#### [TASK OBJECTIVE]
In the records below, find the line containing "ZS777 Game Lucky Wheel" and the line containing "Superman Returns – PlayStation 2 (PS2)". Give again exactly those lines and every line between them, omitting the pictures.

#### [INFORMATION]
# # # #

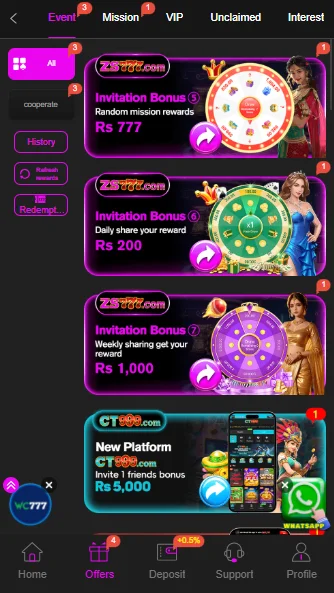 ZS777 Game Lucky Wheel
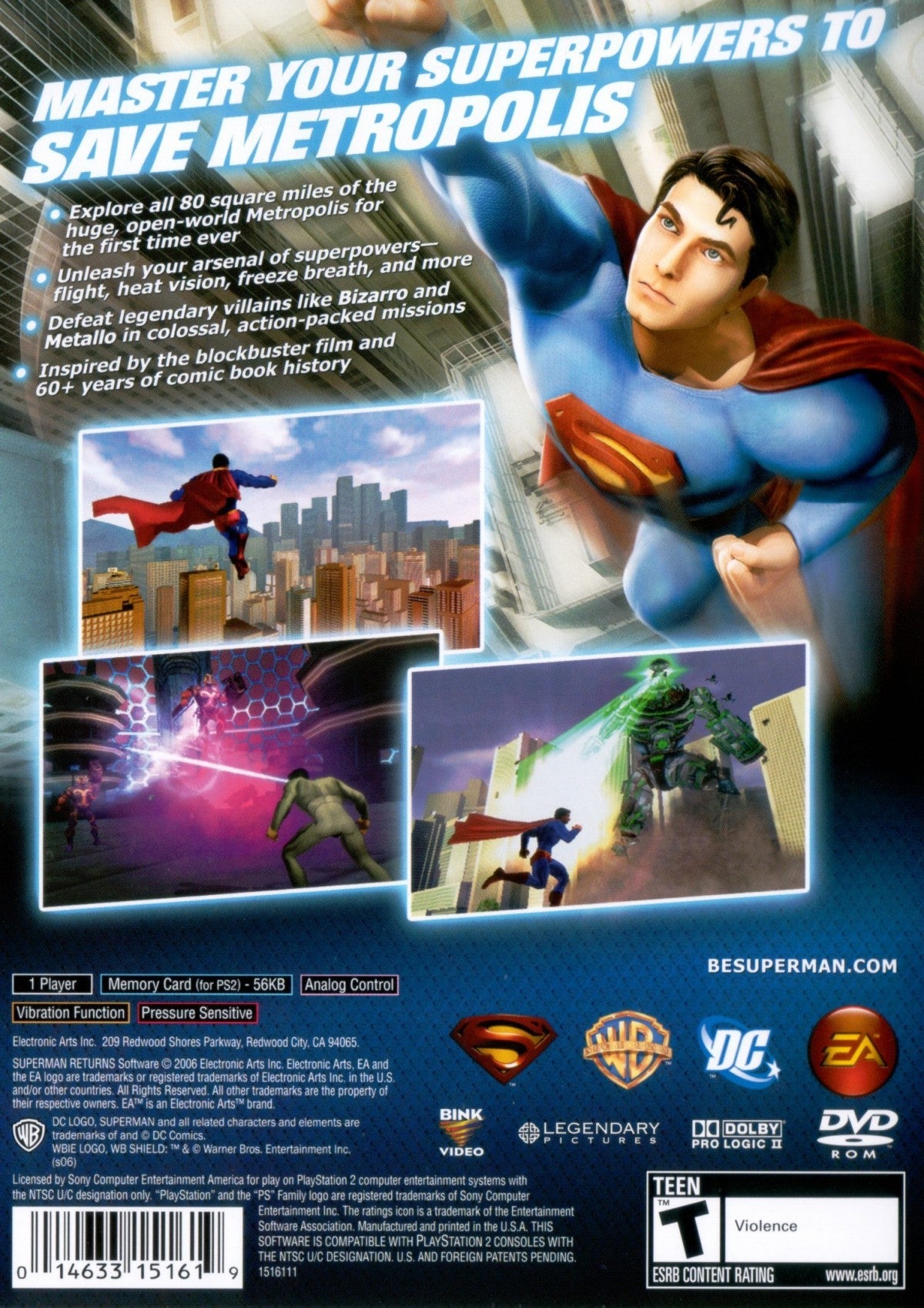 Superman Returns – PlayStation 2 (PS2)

# # # #

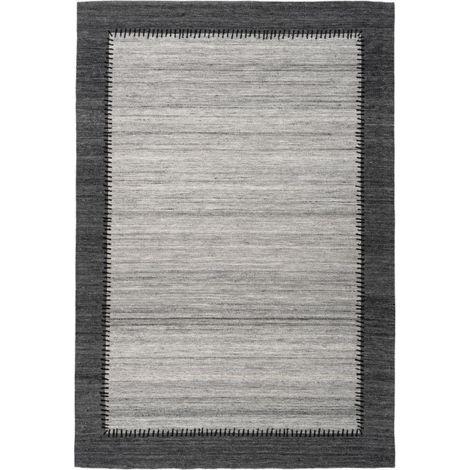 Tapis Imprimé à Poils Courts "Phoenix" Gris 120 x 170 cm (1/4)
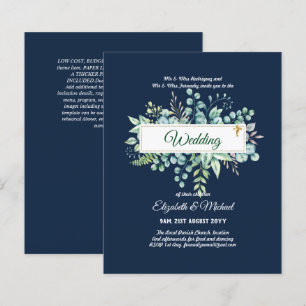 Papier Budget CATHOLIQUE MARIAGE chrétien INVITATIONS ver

# # # #

#### [RESULT OF THE EXERCISE]
 ZS777 Game Lucky Wheel
 Superman Returns – PlayStation 2 (PS2)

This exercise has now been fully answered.